* **What this task involves**
Leave the images aside and repeat the whole listing exactly.

* **Data for review**

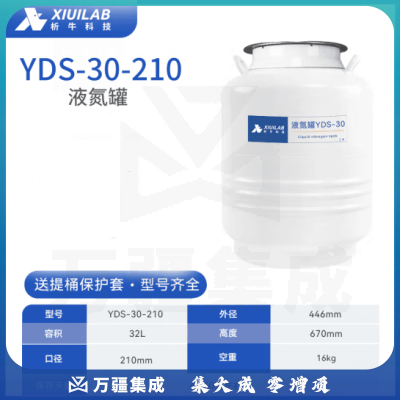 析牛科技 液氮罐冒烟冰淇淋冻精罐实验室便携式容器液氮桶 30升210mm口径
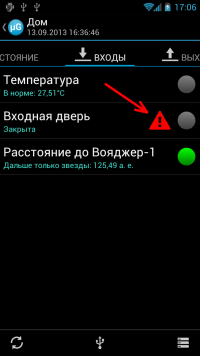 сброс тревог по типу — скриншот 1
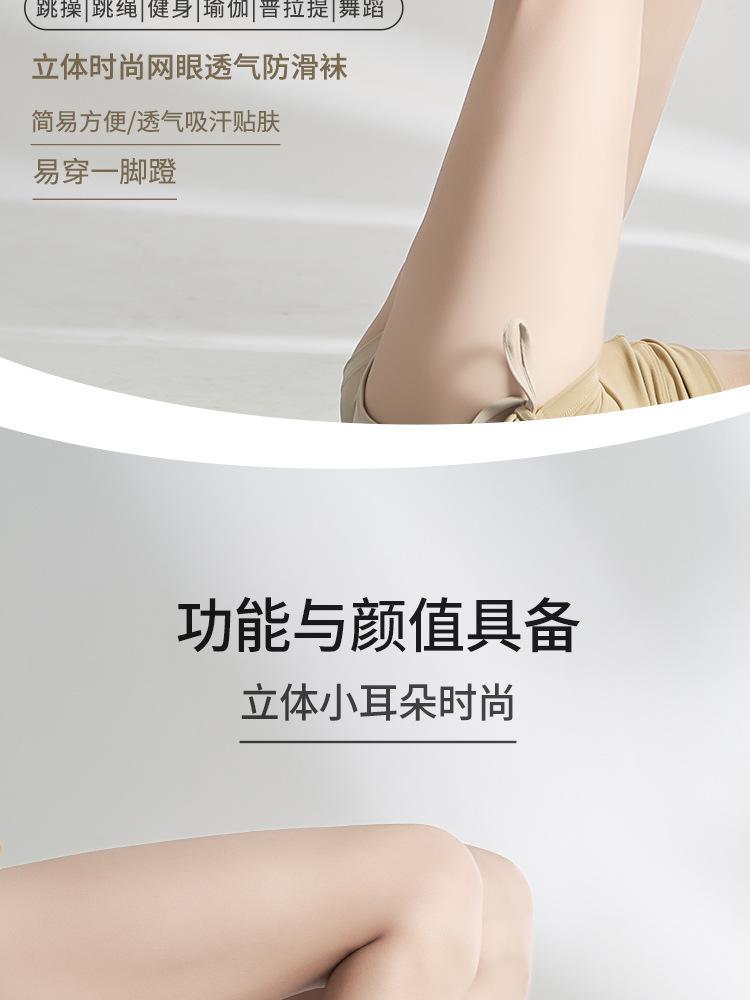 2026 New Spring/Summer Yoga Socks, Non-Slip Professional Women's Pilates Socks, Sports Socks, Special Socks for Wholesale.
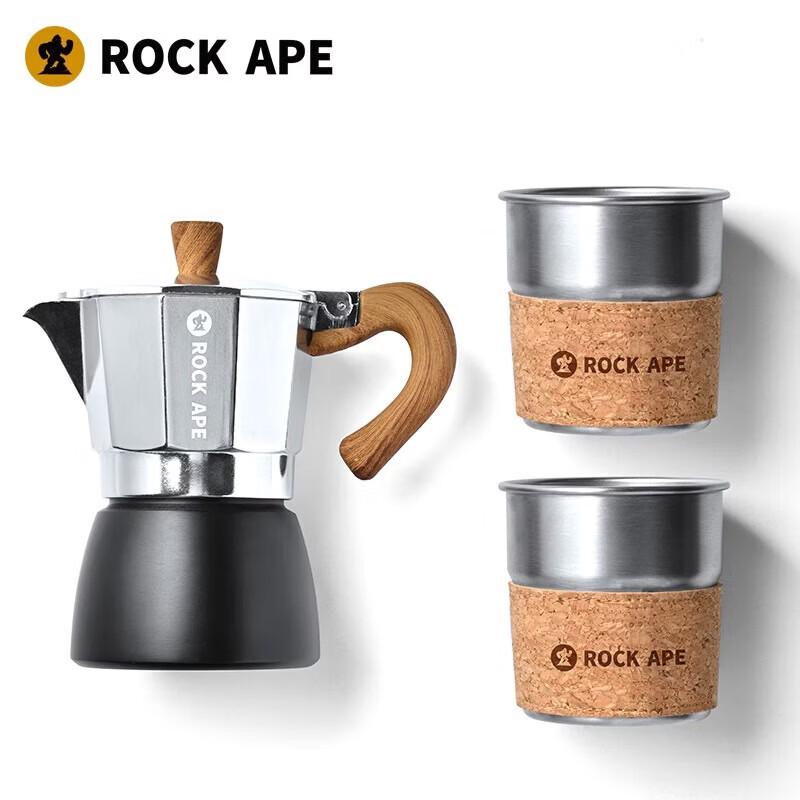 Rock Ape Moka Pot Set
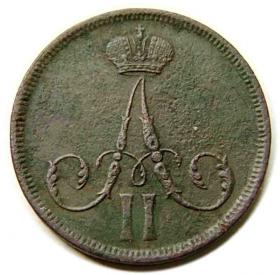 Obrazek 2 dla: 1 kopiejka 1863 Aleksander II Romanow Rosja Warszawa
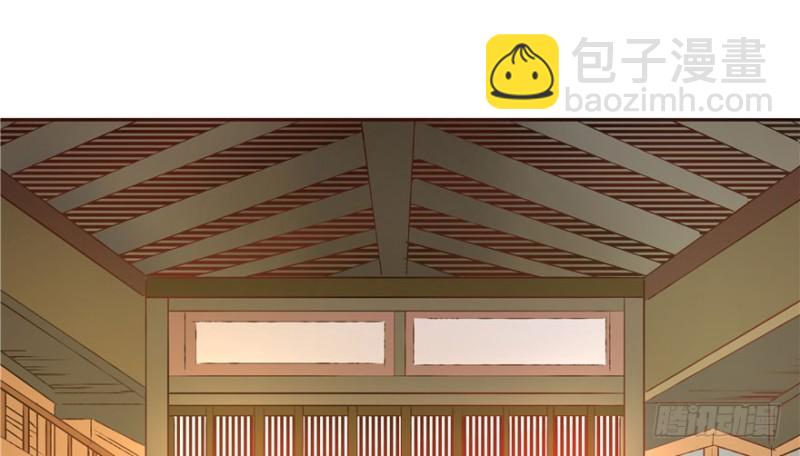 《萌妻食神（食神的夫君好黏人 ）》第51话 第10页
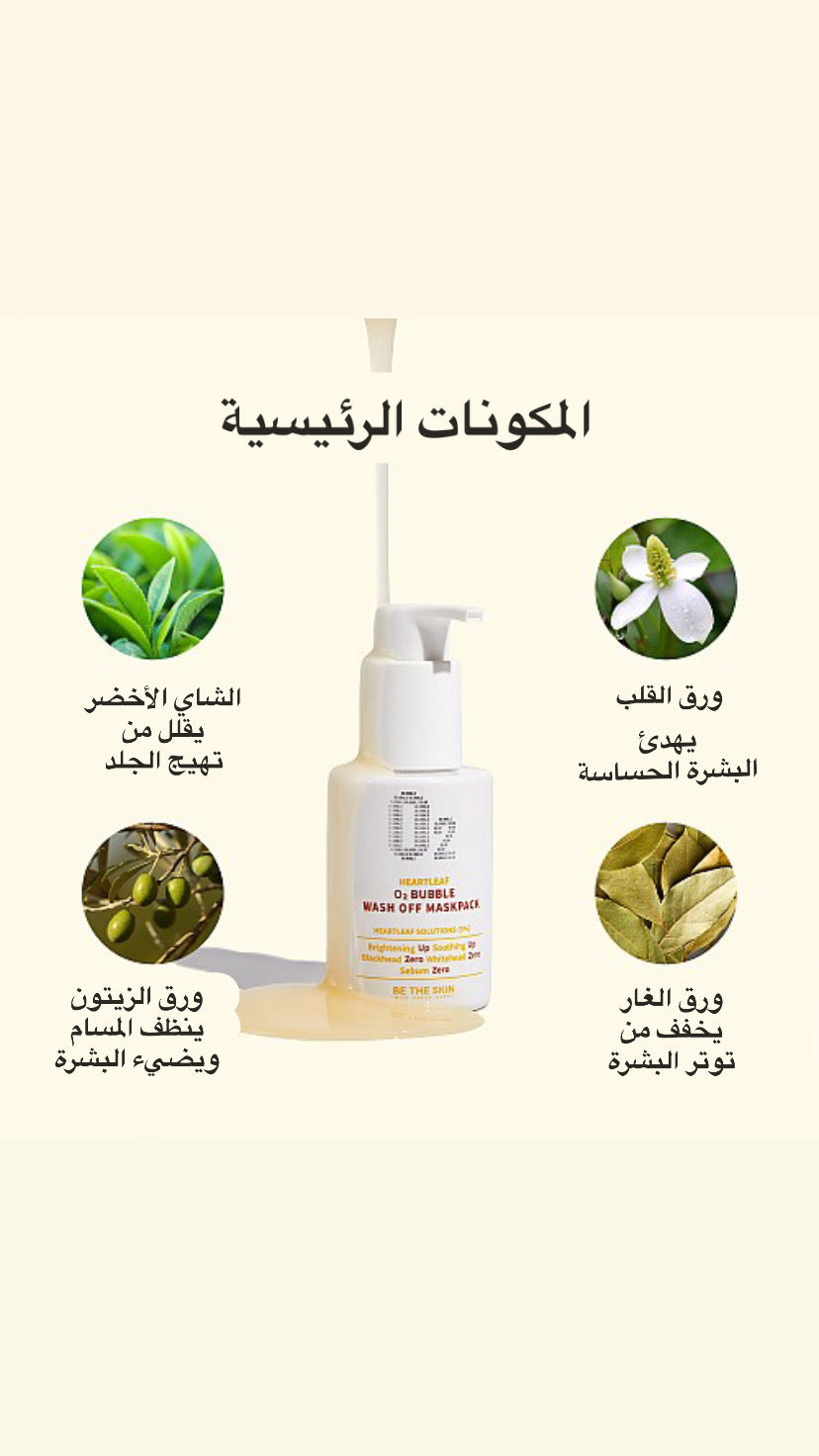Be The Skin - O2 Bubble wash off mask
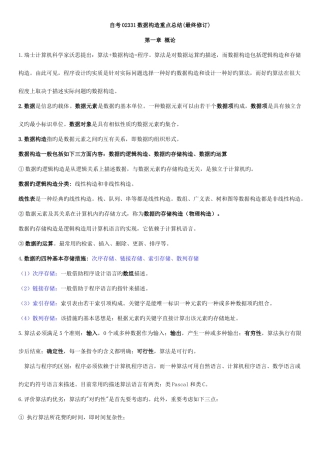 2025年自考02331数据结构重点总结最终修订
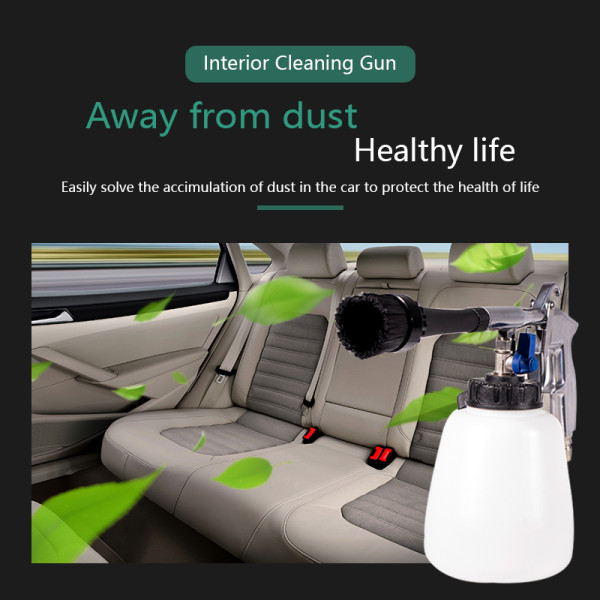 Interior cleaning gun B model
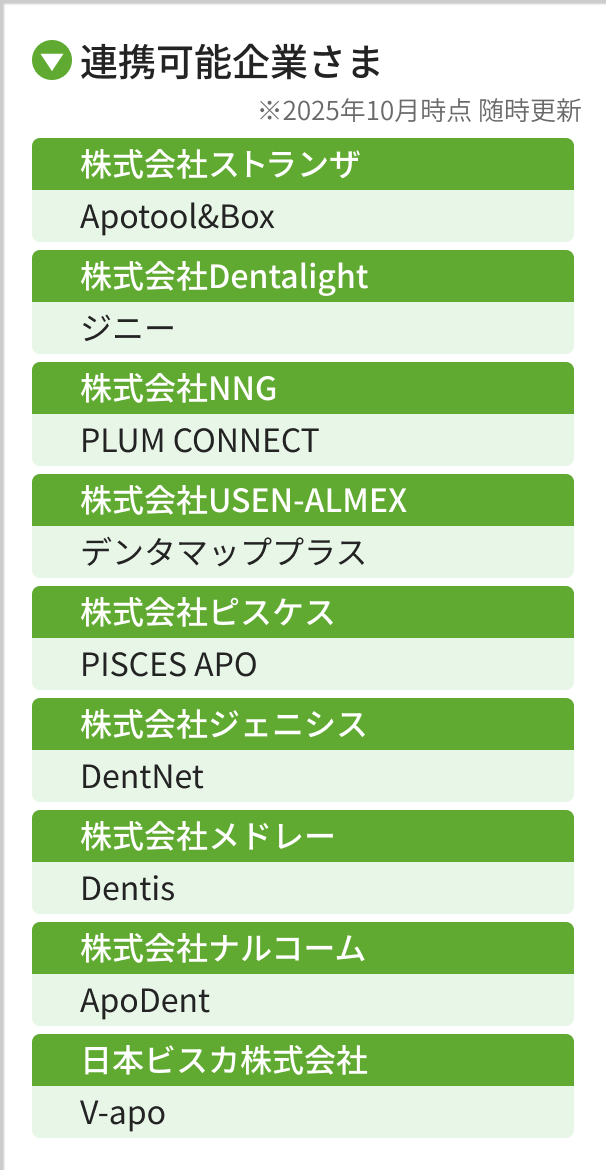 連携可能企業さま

* **Task result**
 析牛科技 液氮罐冒烟冰淇淋冻精罐实验室便携式容器液氮桶 30升210mm口径
 сброс тревог по типу — скриншот 1
 2026 New Spring/Summer Yoga Socks, Non-Slip Professional Women's Pilates Socks, Sports Socks, Special Socks for Wholesale.
 Rock Ape Moka Pot Set
 Obrazek 2 dla: 1 kopiejka 1863 Aleksander II Romanow Rosja Warszawa
 《萌妻食神（食神的夫君好黏人 ）》第51话 第10页
Be The Skin - O2 Bubble wash off mask
 2025年自考02331数据结构重点总结最终修订
 Interior cleaning gun B model
 連携可能企業さま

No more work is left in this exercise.